Could you copy exactly the lines below from the one with "Premium LeBron James" to the one with "Ribbed Pajama Bottom || Truffle Stripe", inclusive, leaving out any pictures?

__Listed entries__.
☆ ☆ ☆ ☆

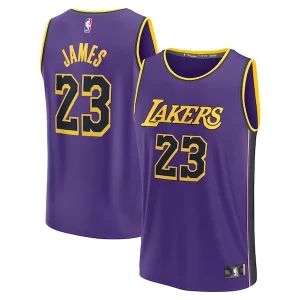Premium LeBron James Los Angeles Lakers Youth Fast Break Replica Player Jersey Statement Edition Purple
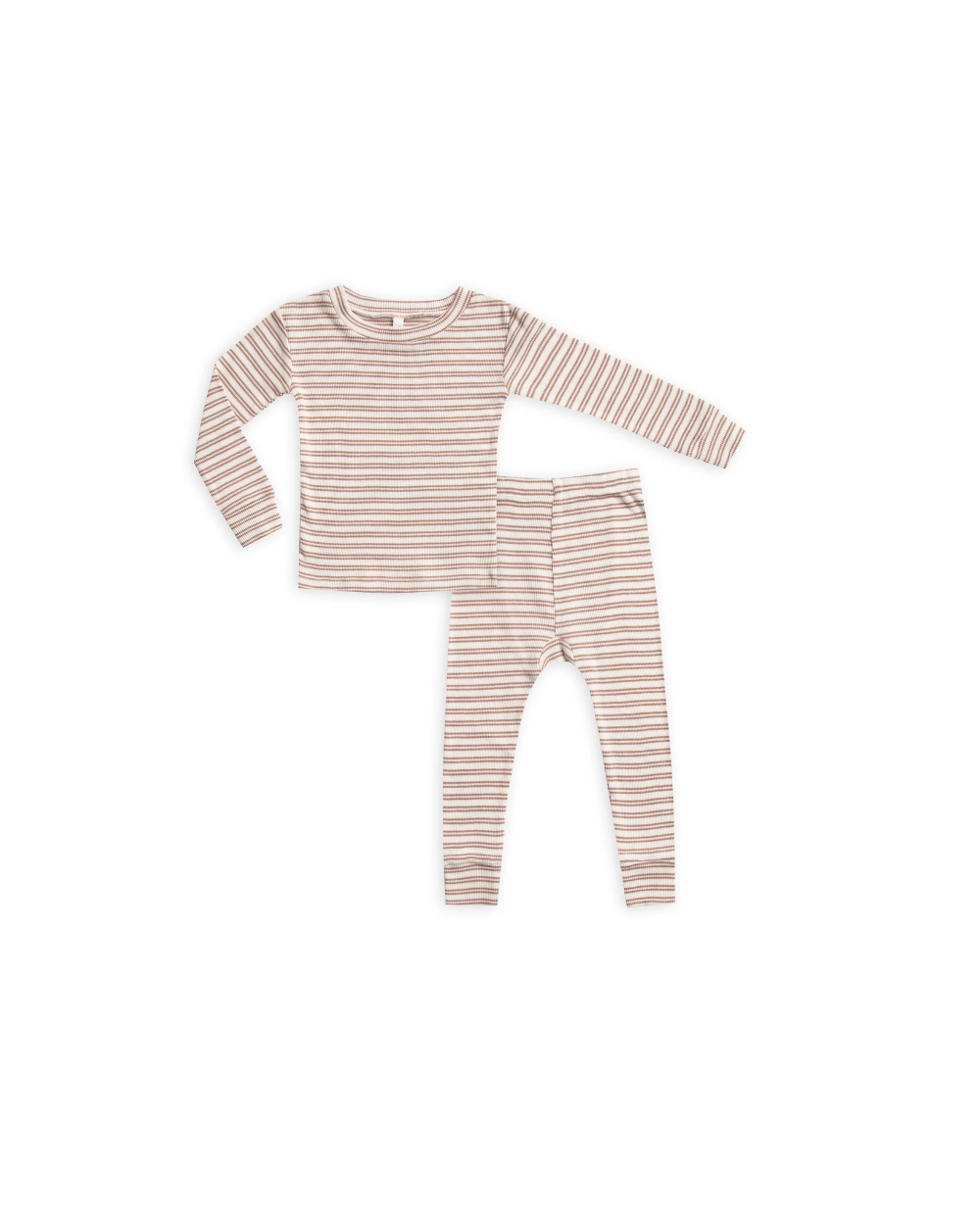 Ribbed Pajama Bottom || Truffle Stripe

☆ ☆ ☆ ☆

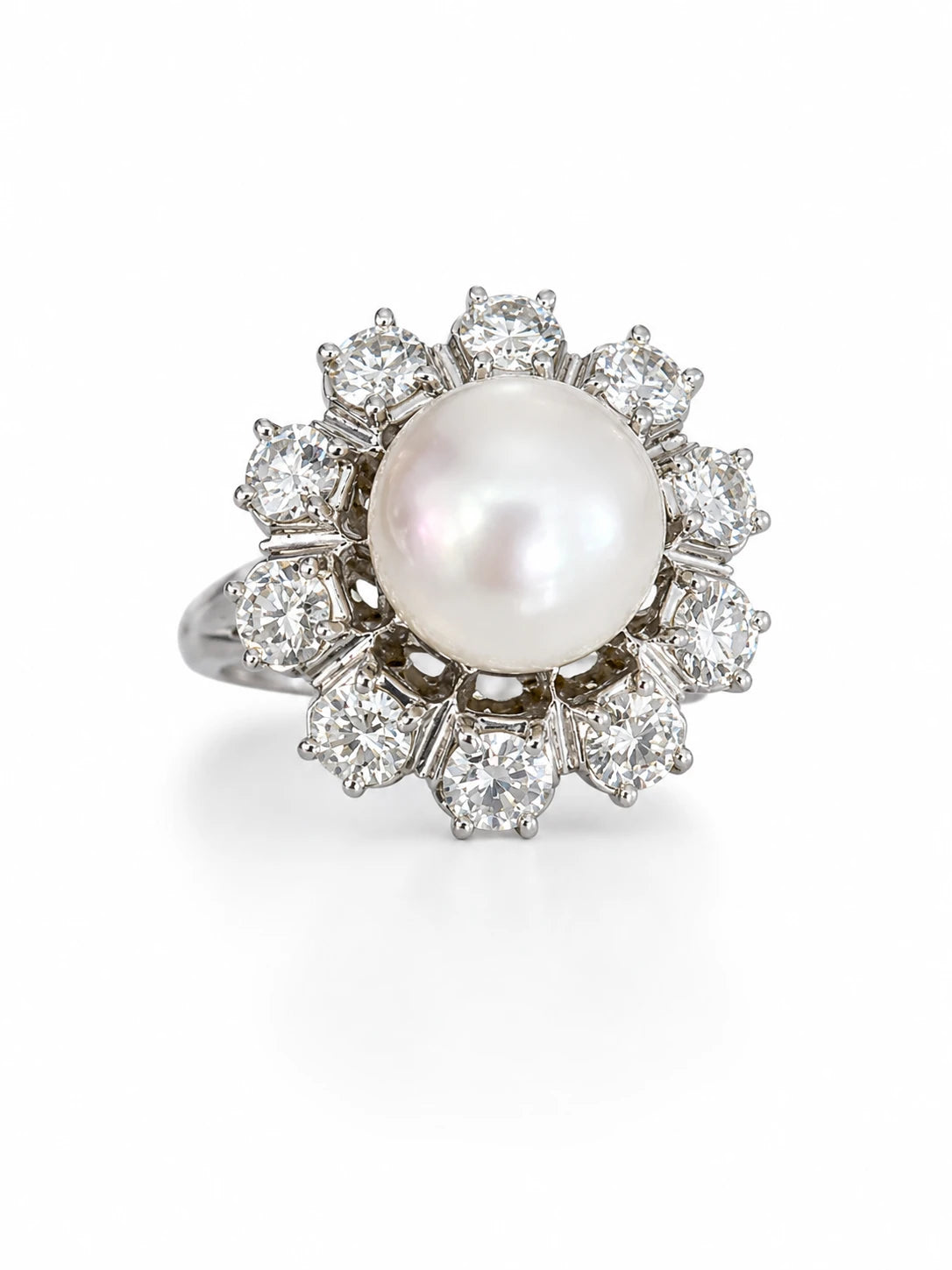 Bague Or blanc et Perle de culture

☆ ☆ ☆ ☆

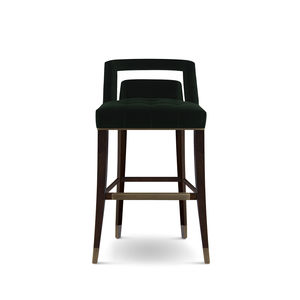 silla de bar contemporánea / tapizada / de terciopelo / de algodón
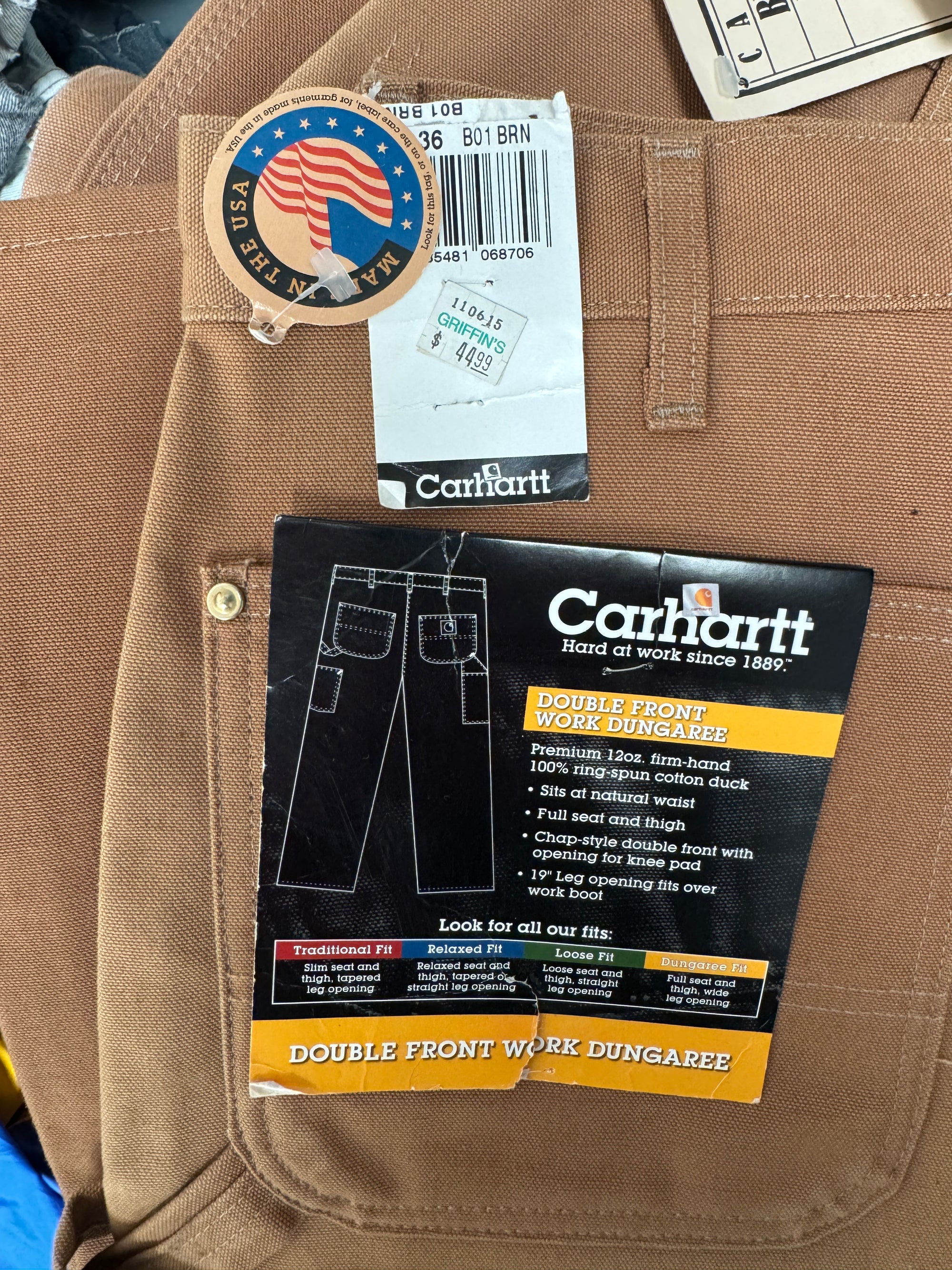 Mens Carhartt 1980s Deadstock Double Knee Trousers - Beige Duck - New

☆ ☆ ☆ ☆

__Output for this task__.
Premium LeBron James Los Angeles Lakers Youth Fast Break Replica Player Jersey Statement Edition Purple
 Ribbed Pajama Bottom || Truffle Stripe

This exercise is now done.